POV in Film
Spoilers for Schindler’s List, Fight Club, and No Country for Old Men.
Going off what we discussed in class when point of view was being introduced, unlike in literature, most films that utilize “first-person” perspective don’t literally display footage as if through the eyes of the protagonist (although there are some exceptions) because that limits how much can be conveyed in one shot — like character emotions, for example. The audience can usually only pick up the main character’s emotions by observing their face, which is physically impossible with literal first-person point of view filming. Cinematographers have to resort to alternative methods of delivering a “first-person” experience, which can sometimes lead to some really ingenious strategies.
Spielberg’s Schindler’s List, a sordid story about the horrors of the Holocaust and one wealthy German man’s disillusionment with the fallacy of the Third Reich, is shot almost entirely in black and white to create realism and add to the film’s dark historical mood, but one nameless little girl brings in an unexpected splash of color with her red coat as she skillfully makes her way through the streets of Krakow in an aerial shot during the liquidation of the Jewish ghettos. This trick is used to show the perspective of Oskar Schindler as he gazes down at Krakow from atop a hill and spots this innocent toddler amidst all the chaos. The color of her coat draws the audience’s eyes to her, just like how Schindler’s eyes are almost immediately drawn to her as he observes the chaos and murder of the streets below him. Spielberg uses the girl in the red coat to openly display the pure innocence of the victims of the Holocaust in stark black-and-white contrast to the horrors of what they are being subject to.
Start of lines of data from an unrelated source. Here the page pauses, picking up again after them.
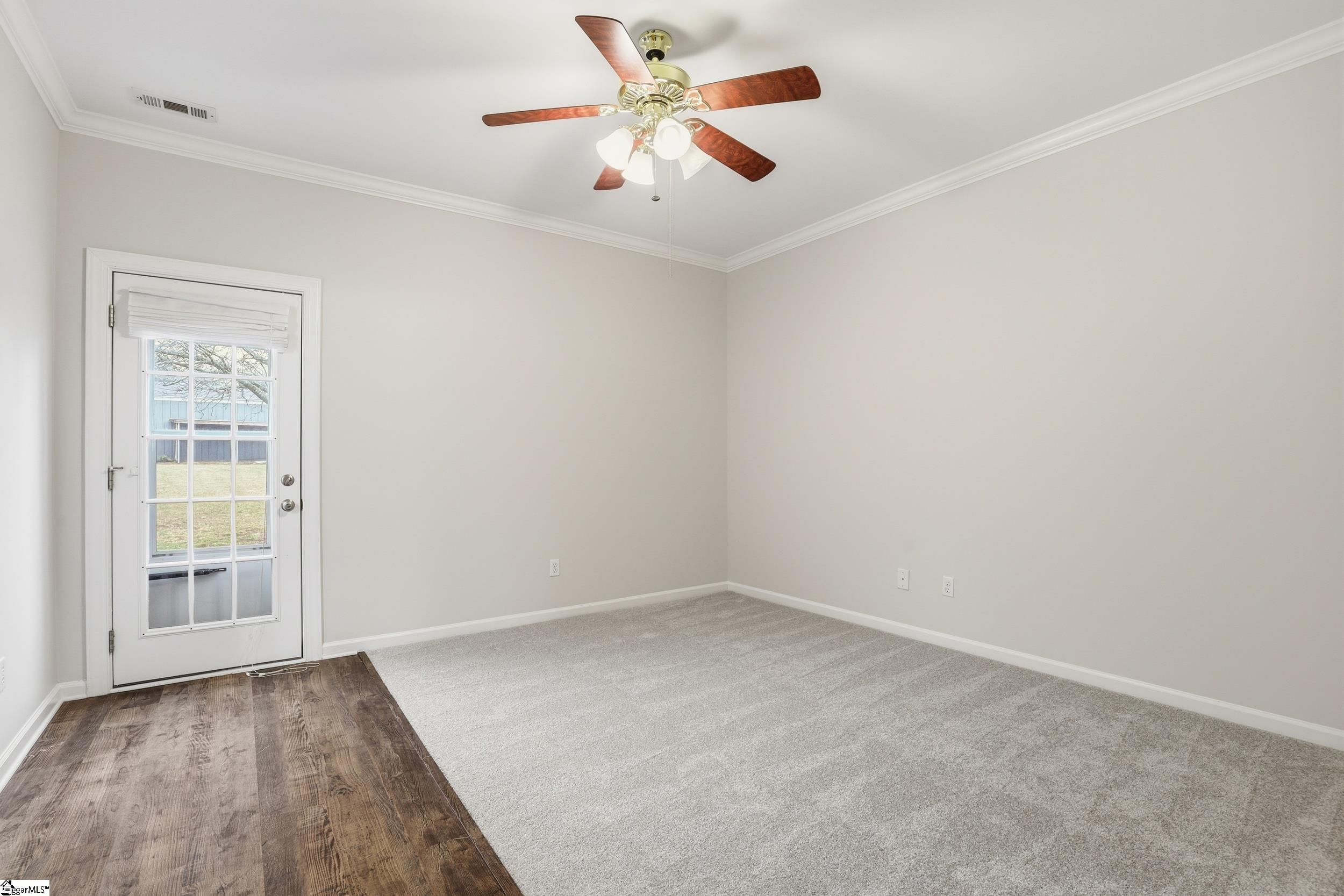 504 Log Shoals Road Greenville, SC 29607 - Photo 11 of 35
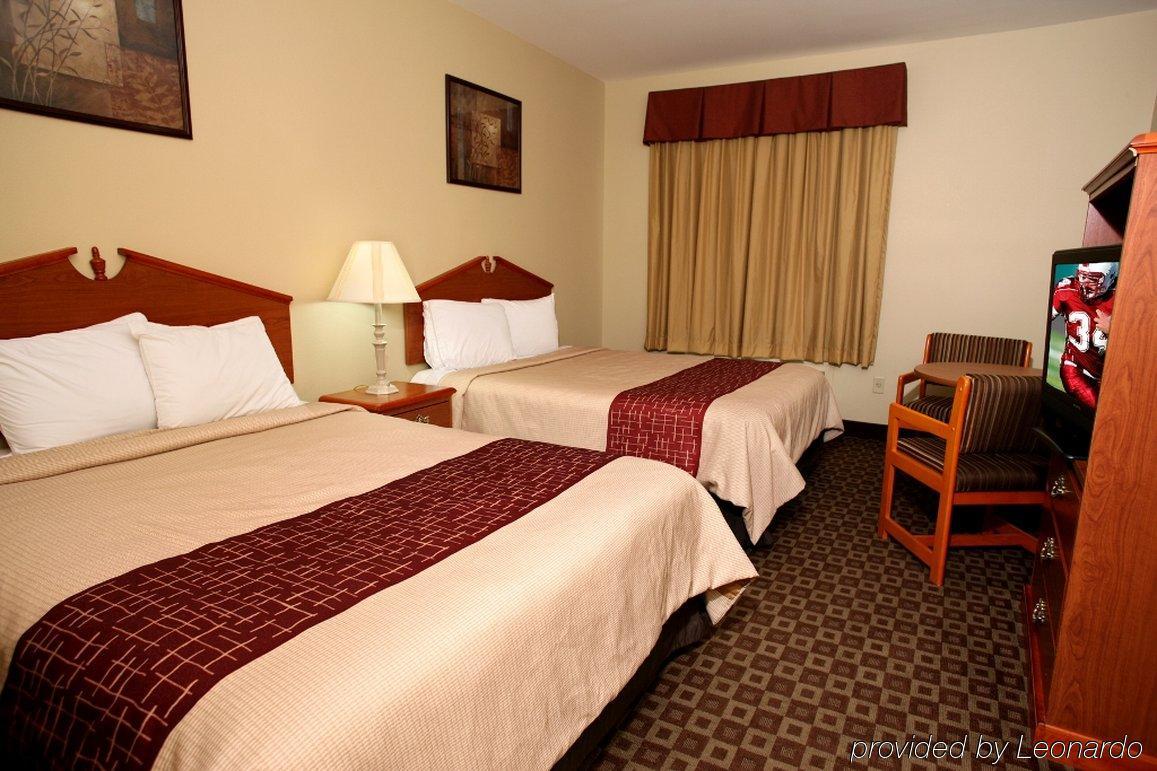Red Roof Inn & Suites Lake Charles Room photo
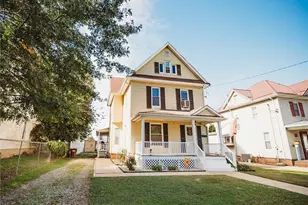 209 Elm St, Belpre, OH 45714 - Photo 2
Fight Club is a more extreme example. On top of using standard first-person techniques like voice-over narration, director Dave Fincher also portrays a character as an actual person for the overwhelming majority of the film — allowing him to “interact” with people other than the narrator and influence countless events external to the narrator’s mind — and reveals at the very end that he was a figment of the narrator’s imagination the whole time, and that everything he had appeared to have done were actions the narrator himself was responsible for. This unorthodox method also includes sparse “flashes” of the character before he was introduced to show his gradual development within the narrator’s mind, cleverly tapping into the psyche of the protagonist without explicitly showing the film through his eyes.
The Coen brothers’ No Country for Old Men is a dark thriller about an unlucky man on running from psychopathic serial killer named Anton Chigurh, who stops at nothing to kill his prey. Although the main character confronts Chigurh physically multiple times throughout the film, he never actually sees the man’s face. His attacker only shoots at him from the shadows or from far enough away that he would be imperceptible. There is not a single shot in the film in which Chigurh’s appearance is visible to the main character, which allows the viewers to see him as the protagonist does: a faceless, emotionless, unstoppable force of nature.
The camera may not always provide as many opportunities for creative expression in comparison to the pen, but skilled filmmakers continue to push the boundaries of cinematography’s possibilities every decade. These clever filming techniques used to portray first-person perspective may be sparse, but their number will surely continue to grow as film theory and technology continues to develop.